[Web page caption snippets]
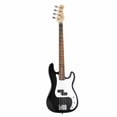 thumbnail image 1 of Costway Full Size 4 String Electric Bass Guitar w/ Strap Guitar Bag Amp Cord, 1 of 8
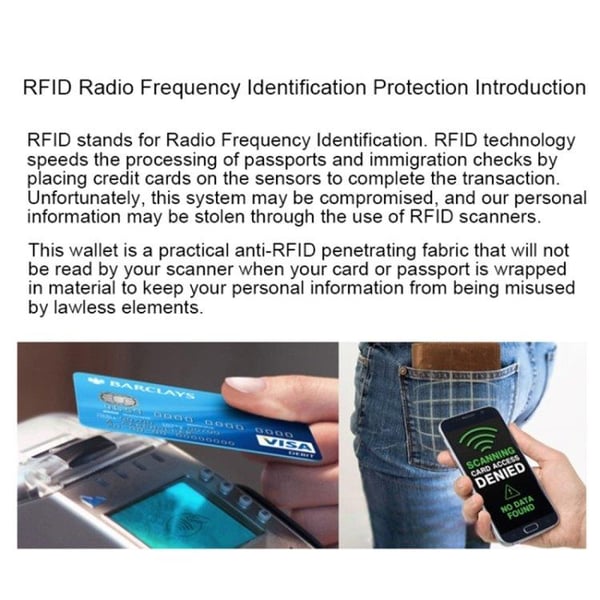 RFID-skydd kortfodral 10-pack – 9x6.3cm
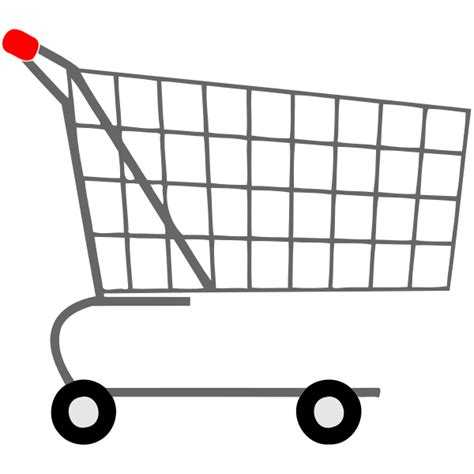 Shopping Trolley Free SVG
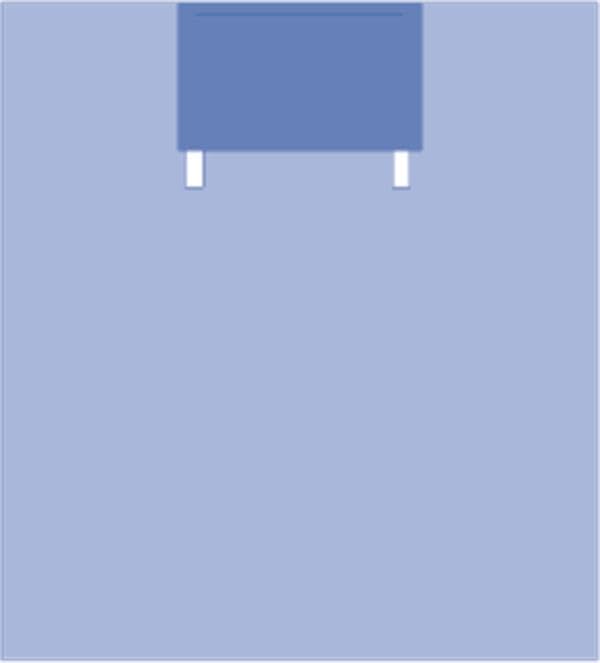 Medline SPT-4206SCS Universal Drape Bottom Sheet, Non Sterile, Disposable, 100% Polypropylene (Pack of 60)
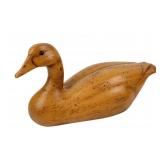 Large Wooden Duck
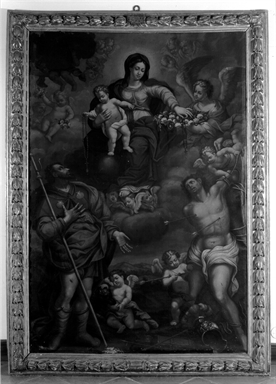 Madonna del Rosario, San Rocco e San Sebastiano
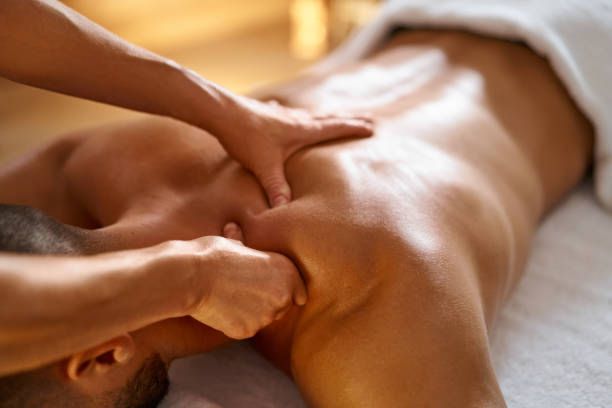 DEEP TISSUE MASSAGE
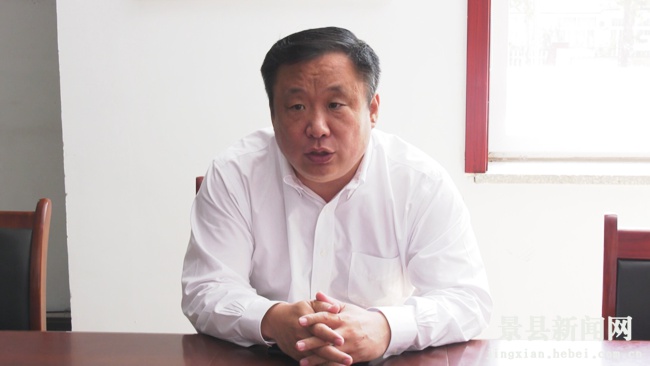 景县政府县长李景辉到北留智镇督导检查疫苗接种工作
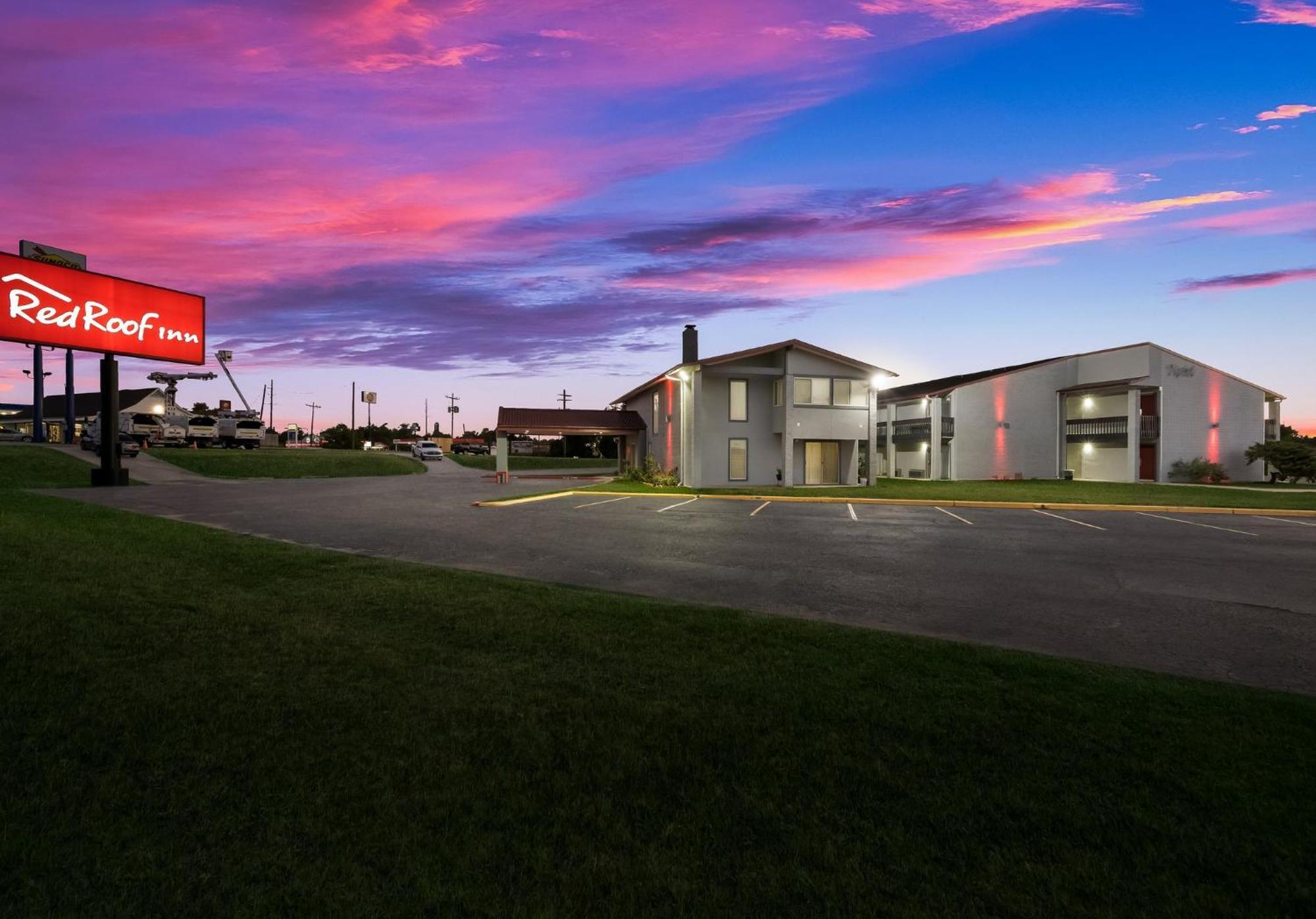 Red Roof Inn Madisonville Buitenkant foto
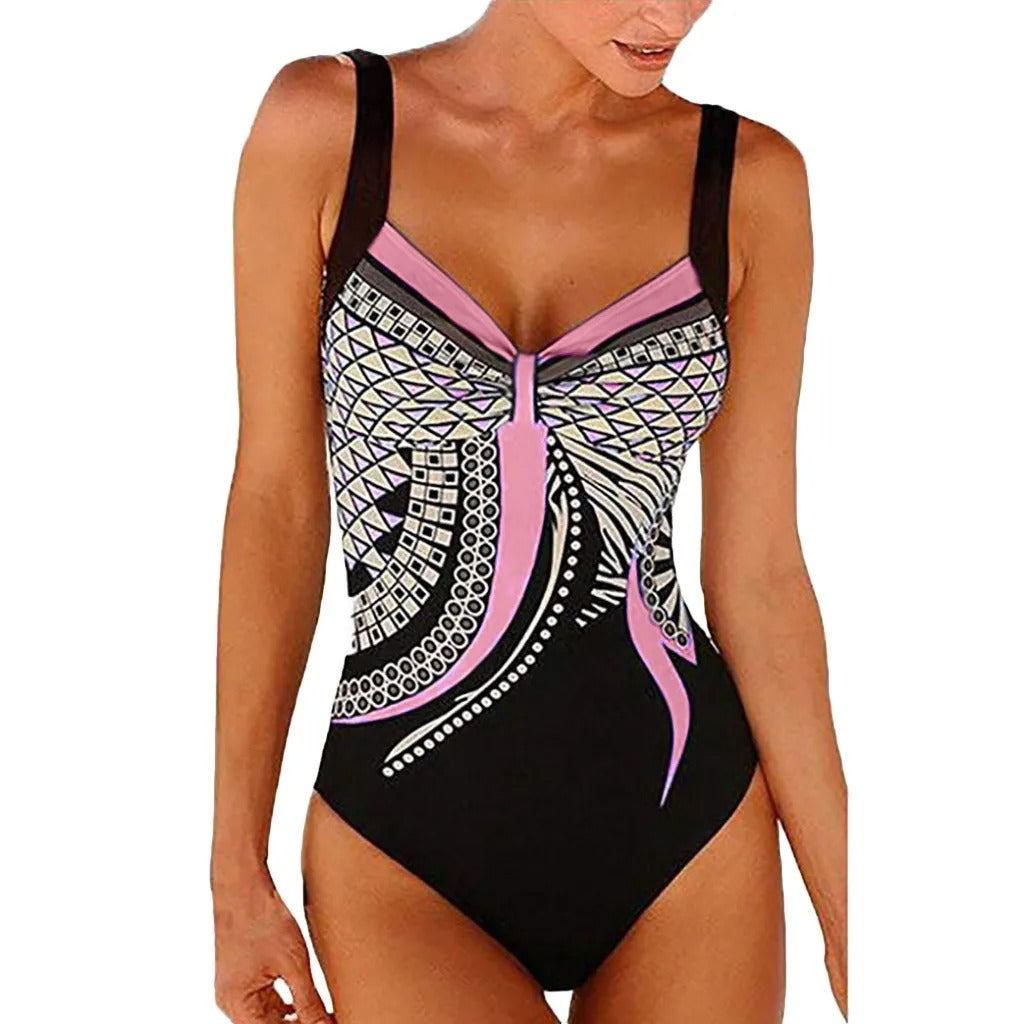 LolaBeach - Graphic Print Swimsuit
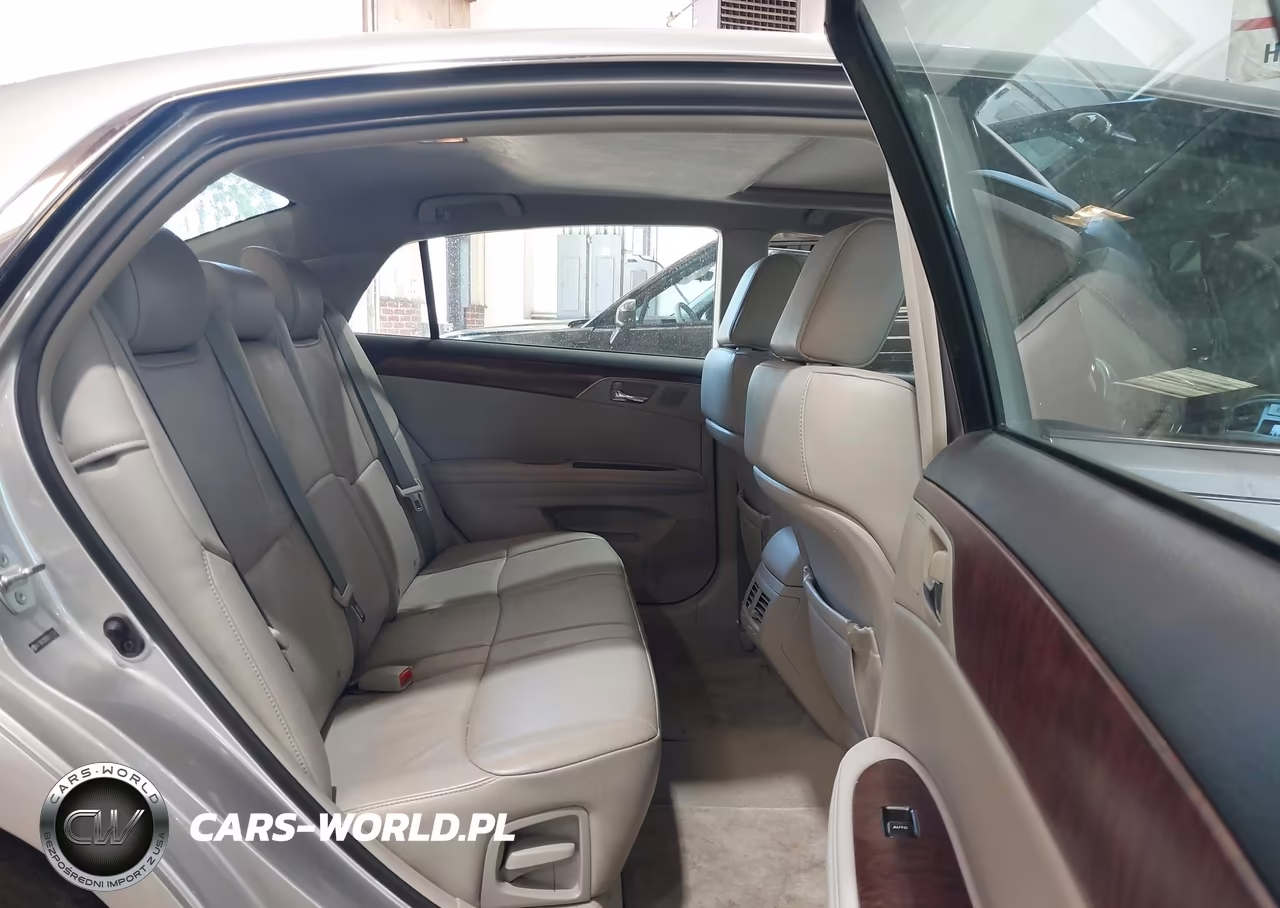 2012 Toyota Avalon VIN:4T1BK3DB0CU465368 - 8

◆ TASK ◆
Omit every picture, and please return the entries exactly from the first line through the line with "Medline SPT-4206SCS Universal", both included.

◆ RESPONSE AREA ◆
 thumbnail image 1 of Costway Full Size 4 String Electric Bass Guitar w/ Strap Guitar Bag Amp Cord, 1 of 8
 RFID-skydd kortfodral 10-pack – 9x6.3cm
 Shopping Trolley Free SVG
 Medline SPT-4206SCS Universal Drape Bottom Sheet, Non Sterile, Disposable, 100% Polypropylene (Pack of 60)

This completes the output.